The US-based operations of Belgian retailer Delhaize have been one of the principal causes of the company's poor financial performance in recent months, but this has not prevented the group from expanding its business in the North American market.
Delhaize has today announced that it is to buy 43 Harveys supermarkets, located in central and south Georgia and the Tallahassee area of Florida, for $26.1 million (€24.2m) plus a further $18 million in debt.
The aim of the acquisition is to strengthen the European company's Food Lion supermarket chain, one of the retailers hardest hit by the current downturn in US consumer spending. Food Lion's presence in these parts of Georgia and Florida is weak, and the Harveys stores will help plug the gap.
Delhaize also operates under the Hannaford and Kash n' Karry banners in the US.
Last month the Belgian group reported a 13.2 per cent drop in first half sales to €9.2 billion, due mainly to the 19.2 per cent slide in the value of the US dollar compared to the euro and the sale of 42 underperforming stores, most of which were Food Lion outlets.

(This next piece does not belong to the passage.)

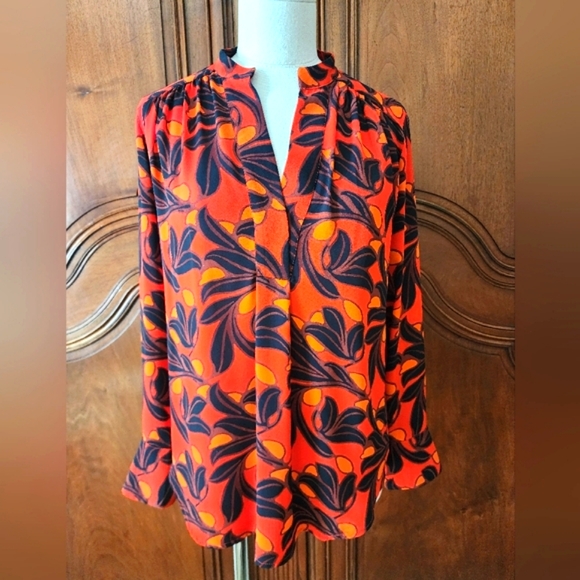EUC-Beautiful Ann Taylor Fall Blouse!!🍁🤠🦃 - Picture 1 of 8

But Delhaize stressed that the underlying performance from its US business was good, with organic sales growth of 1.6 per cent due to improving sales at Food Lion and Kash n' Karry and the continued strong performance from Hannaford.
The company said it had also introduced a new inventory management system at Food Lion which was expected to lead to significant improvements in margins.
Rick Anicetti, president and CEO of Food Lion and executive vice president of Delhaize, said that the acquisition of Harveys was in line with the company's strategy of "filling in and reinforcing its presence in the company's current geographic footprint".
He stressed that Harveys would continue to operate as a separate organisation, but that it would receive strategic support and assistance from Food Lion. No store closures or layoffs are expected. Most of Harveys' stores are between 18,000 and 35,000 square feet, and seven have an in-store pharmacy.